We don’t know what Microsoft’s Bing or OpenAI’s ChatGPT are trained on. But if we did know, we could very well be put off from using the chatbots at all. A new report from The Washington Post examining the training data powering competing large language models (LLMs) from Google and Facebook reveals chatbots could very easily pull from copyrighted material and discredited news sources to create their responses. And that’s before you consider their tendency to “hallucinate” wrong answers without you even knowing.
The report is a glimpse into what’s been the secretive side of the current AI boom. More and more companies are making it easy to interact with natural text and image generators, but few share what sources those generators are based on. It adds uncertainty to every response in terms of safety and validity.
That people are beginning to turn to chatbots as a definitive source of information only makes things worse. Search engines might be clogged with attempts to game the algorithm and achieve priority by Google, but at least you can see all the possible results you’re dealing with. With chatbots, you get a confident answer and a small option to find out where it came from, setting up the wrong kind of relationship to information and introducing another tool that we don’t fully understand.
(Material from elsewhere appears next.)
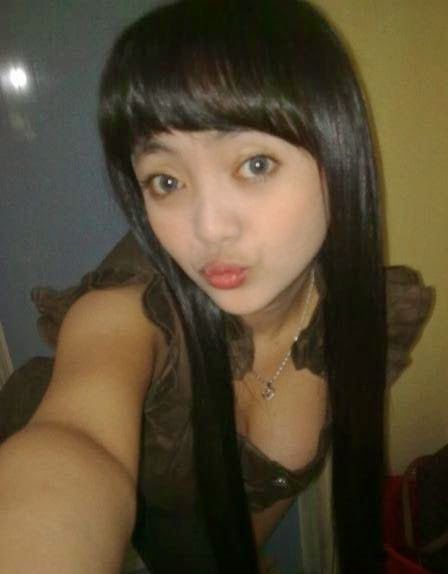 foto gadis smp mandi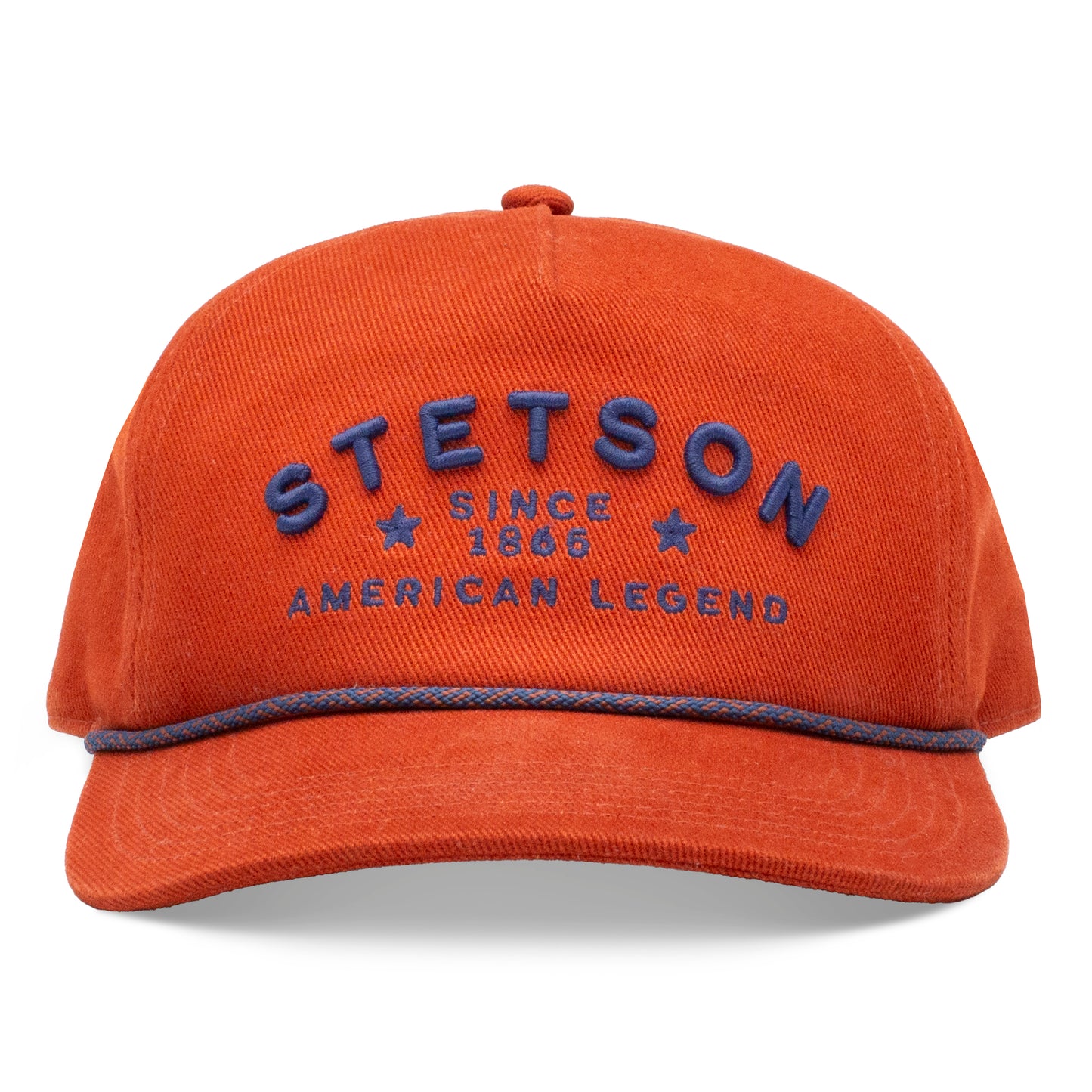 STETSON Ball Cap - American Legend Flat Bill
This One’s For the WOWHeads
WaPo’s breakdown of the sources included in the C4 (Colossal Clean Crawled Corpus) data set that powers Google’s T5 and Facebook’s LLaMA range from humorous to concerning. On one hand, C4 includes text from wowhead.com, a dedicated World of Warcraft fan site and “player forum.” On the other, WaPo found that the copyright symbol “appears more than 200 million times in the C4 data set,” suggesting LLMs trained on it could easily access someone else’s intellectual property and present it as original.
That a chatbot might have a deep and specific knowledge of Stormwind isn’t necessarily a bad thing, but it is something you might not know unless the data set was examined. Similarly, I was concerned to learn that Google and Facebook’s LLMs could possibly draw from breitbart.com, a far-right news site and documented source of misinformation. That’s not exactly the kind of thing you’d want a chatbot to draw from when answering responses.
The total data set The Washington Post examined included 15.1 million unique websites. Chatbots don’t necessarily rely on one single LLM trained on one set of data to function. And in that way, there are multiple ways a chatbot like Bing, Bard, or ChatGPT could produce an inaccurate response, from the multiple sets of data used to train them, to how they ingest prompts and produce the most desirable response.
The Black Box
But the problem is a lot simpler, too. If I were to search for information about climate change and scroll far enough down the results, I might run into a link from a less desirable or factually inaccurate news source. In that case, I can ignore it. If I ask a chatbot the same question, there’s a chance I get the wrong information without my knowledge and without citation.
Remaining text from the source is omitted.